Execution of a village mayor becomes a symbol of Russian brutality in Ukraine
The Wall Street Journal reports:
Mayor Olha Sukhenko took care of her village like a family for more than a decade, locals say, sprucing up public buildings, organizing concerts and settling disputes.
When the Russian army withdrew last week after a monthlong occupation, her neighbors found Ms. Sukhenko’s lifeless body in a shallow grave, her hands bound. Her husband and son lay next to her, dead.
Olha, Ihor and Oleksandr Sukhenko are but three of the faces of the brutal aftermath of Russia’s occupation that Ukrainian officials and villagers say left civilians dead on the street and buried under thin layers of dirt before fierce resistance drove them out.
The 50-year-old mayor held together her central Ukrainian village, cut off and near the fighting at the front. She delivered food and medicine. And she helped the resistance, part of an undercover effort to send Russian troop positions and movements to her country’s military, Ukrainian officials and others involved say.

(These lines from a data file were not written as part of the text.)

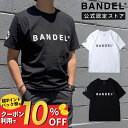 【超PB祭10％Off】【レビュー特典】BANDEL バンデル フロントロゴ S/S T-shirt Tシャツ SILHOUETTE STANDERD FIT BAN-T008 半袖 メンズ ブランド大きいサイズ ブランド 吸水 ストレッチ スポーツTシャツ トレーニングウェア ジムウェア ランニング アスリート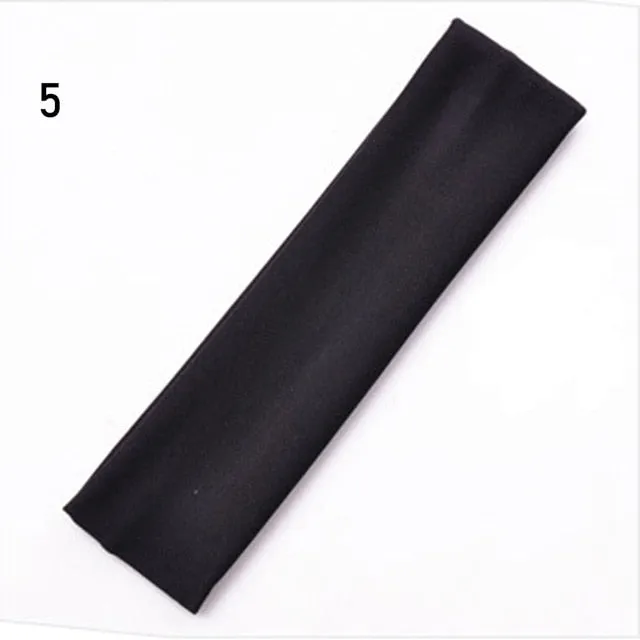 1Pc Sweatband Headband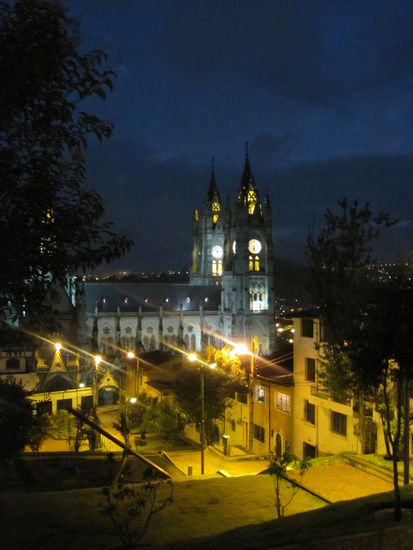 Basilika von Quito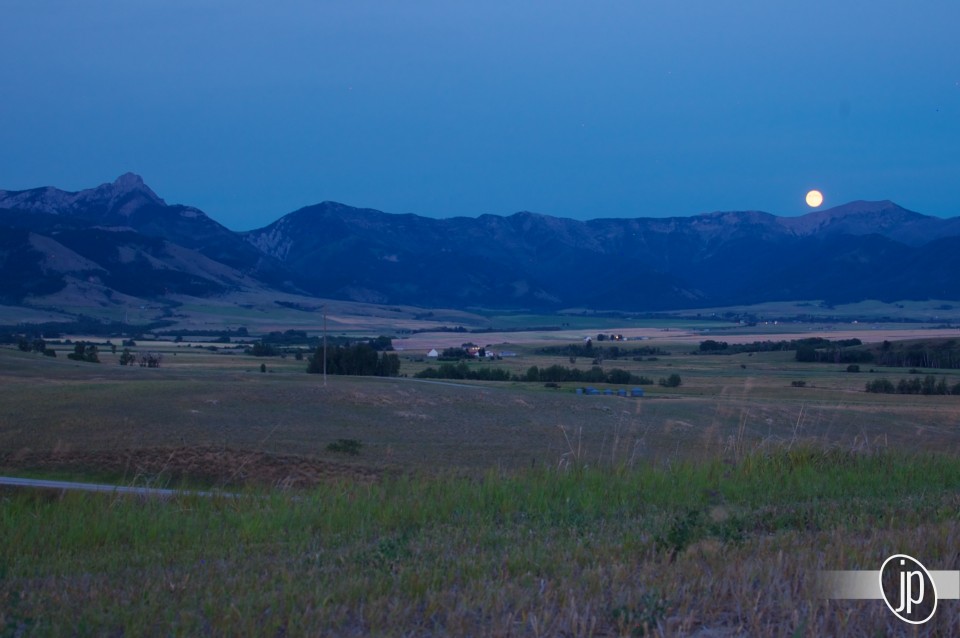 Montana Evenings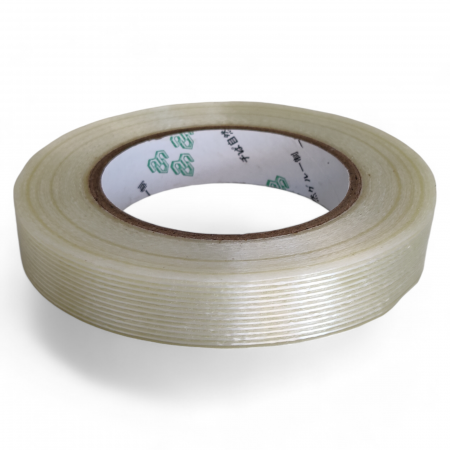 Alte materiale - Banda adeziva cu Fibra de sticla, 20 mm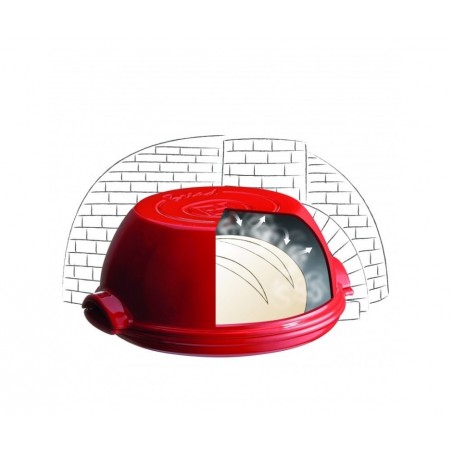 Cloche Pane Emile Henry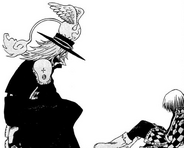 Cross encuentra a Allen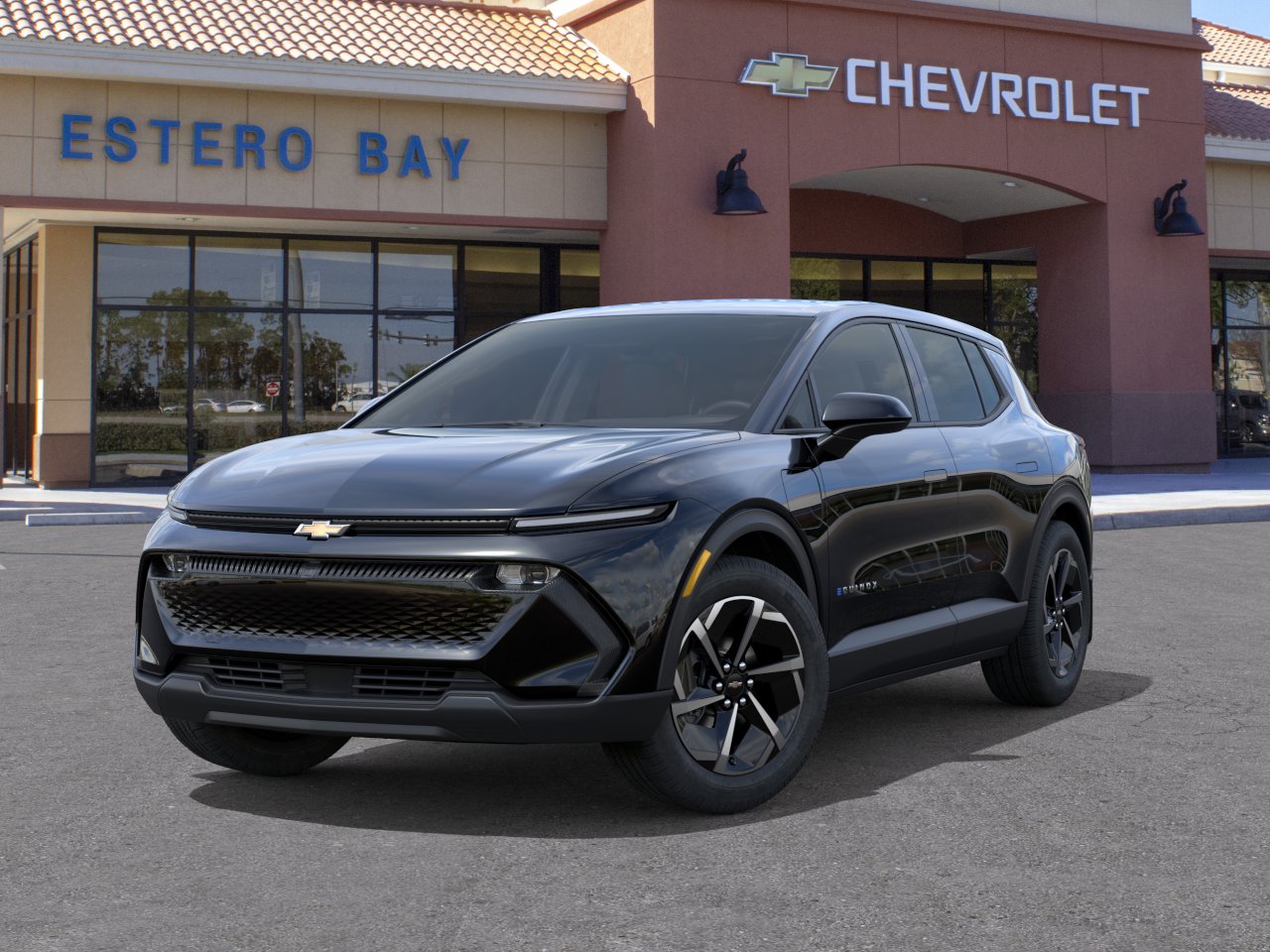2026 Chevrolet Equinox EV 1LT - Photo 30
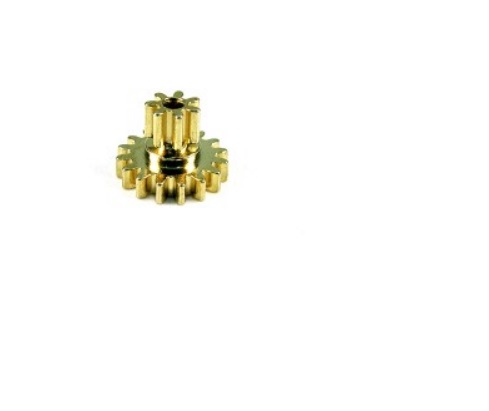 PN Racing Mini-Z MR03 Brass 4th Servo Gear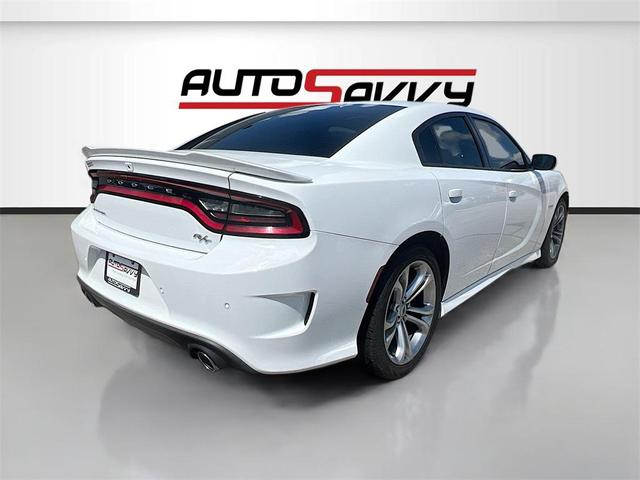 Photo of 2022 White Knuckle Clearcoat Dodge Charger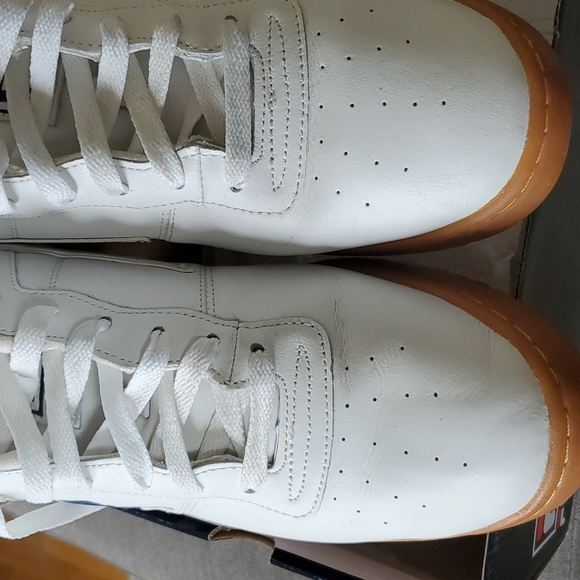 Mens Fila Logo sneakers - Picture 7 of 10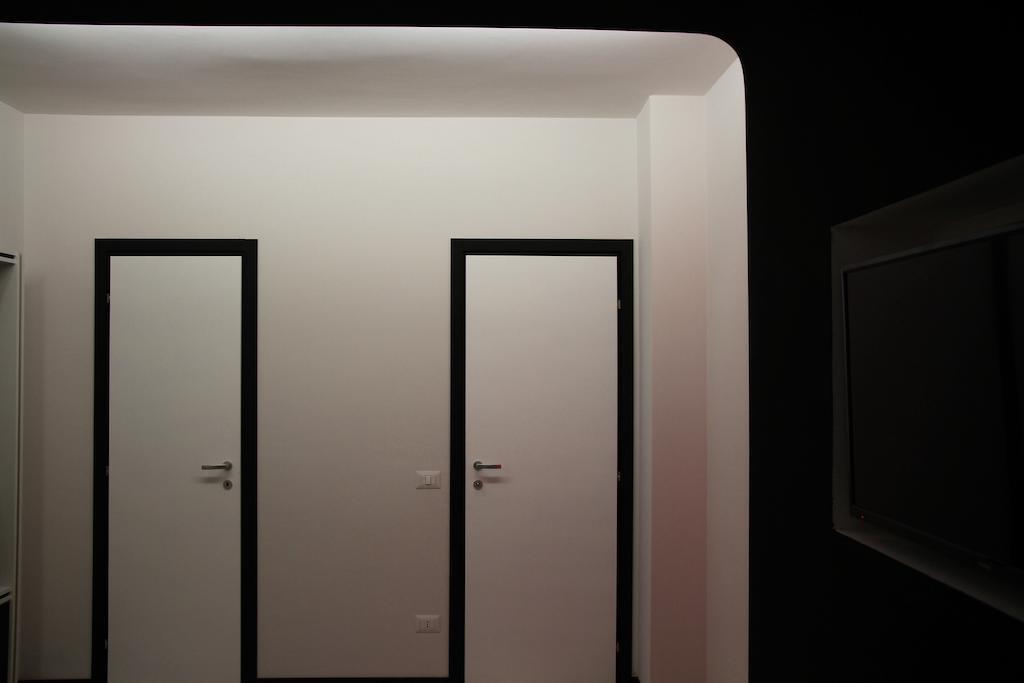 Black & White G&G ローマ 部屋 写真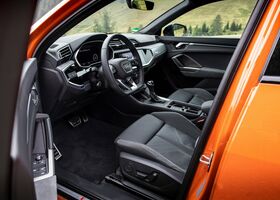 Audi Q3 2020 на тест-драйве, фото 10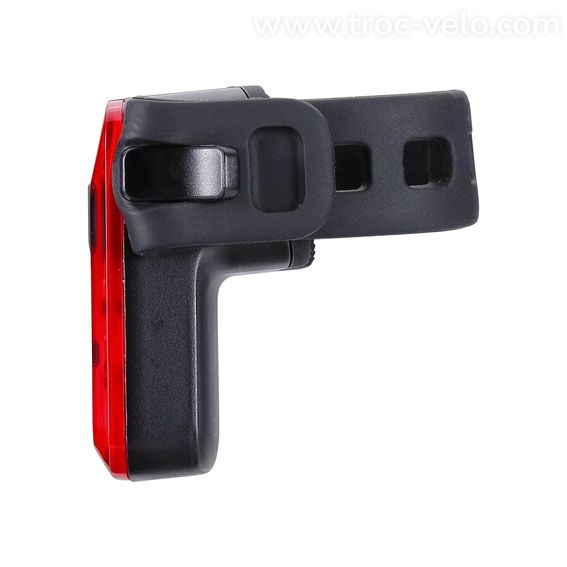 Eclairage arrière BBB Spark 2.0 noir. - 4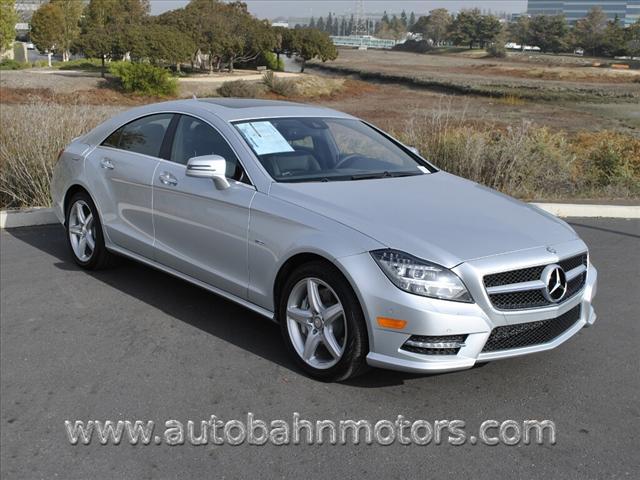 Photo of 2012 Mercedes-Benz CLS-Class
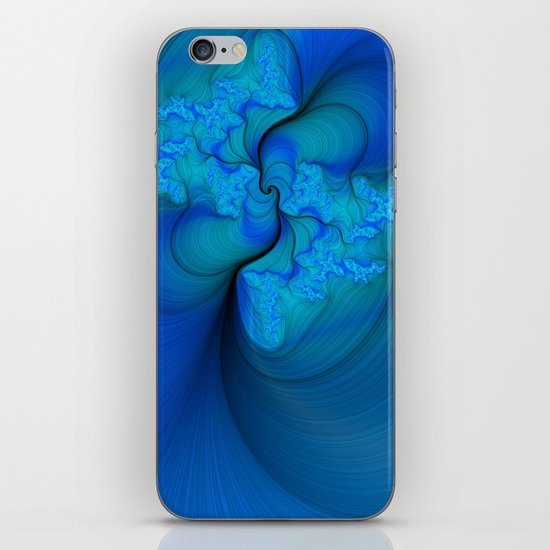 untitled iPhone & iPod Skin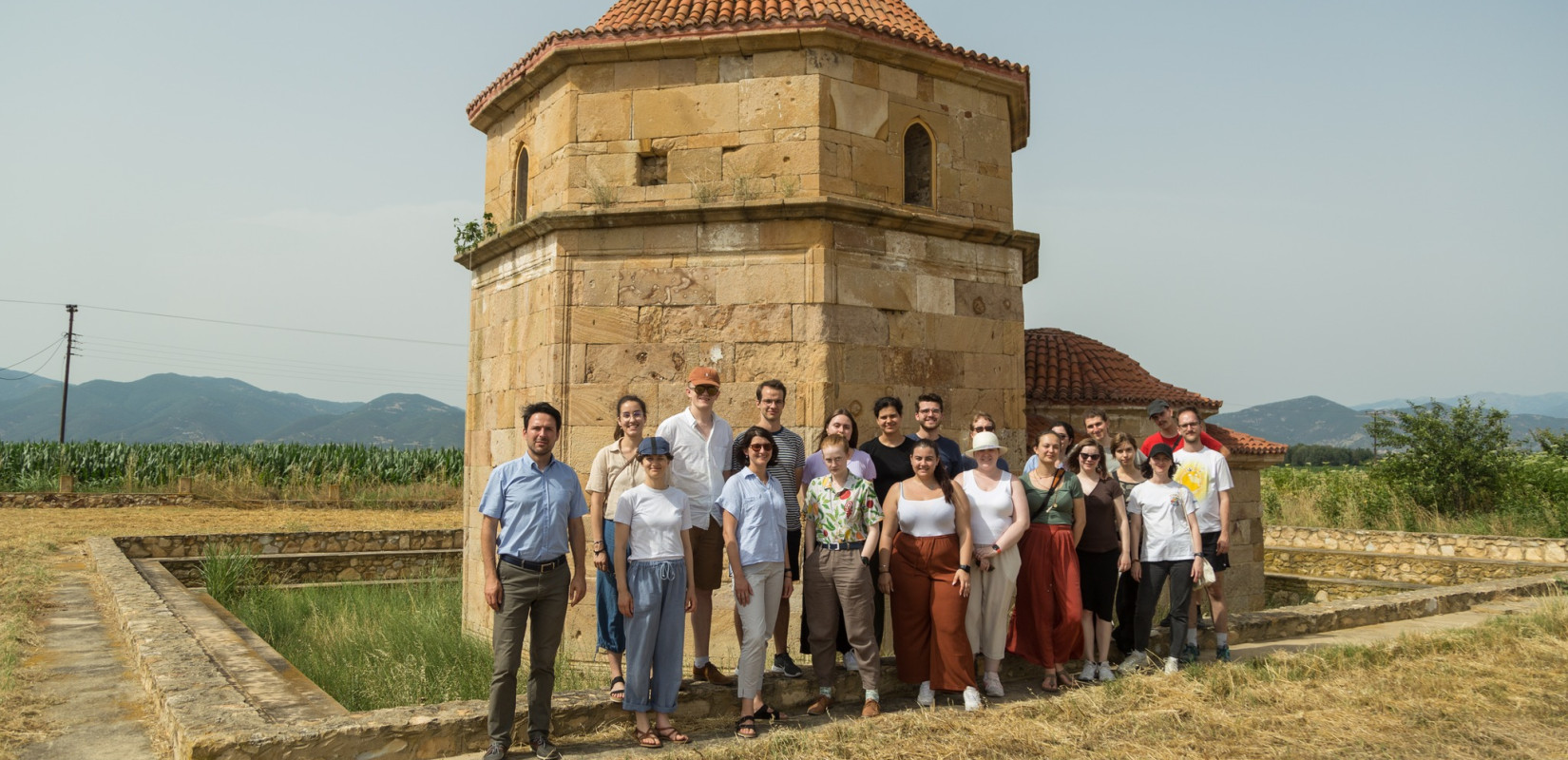 Ξάνθη: Φοιτητές από την Ελβετία γνώρισαν το αποτύπωμα της συνθήκης της Λωζάνης στην Ανατολική Μακεδονία και Θράκη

“She was the best person until her last minute,” said Mykola Kurach, the head of the village’s volunteer defense forces who led the reconnaissance effort.
Residents say the Russian aggression against locals surged as the Russians came under attacks from Ukrainian artillery and ambush teams. The Russians shot two women while hunting for Ukrainian agents, they say. The body of another man, a security guard from the local cottage compound, was found dumped down a well. [Continue reading…]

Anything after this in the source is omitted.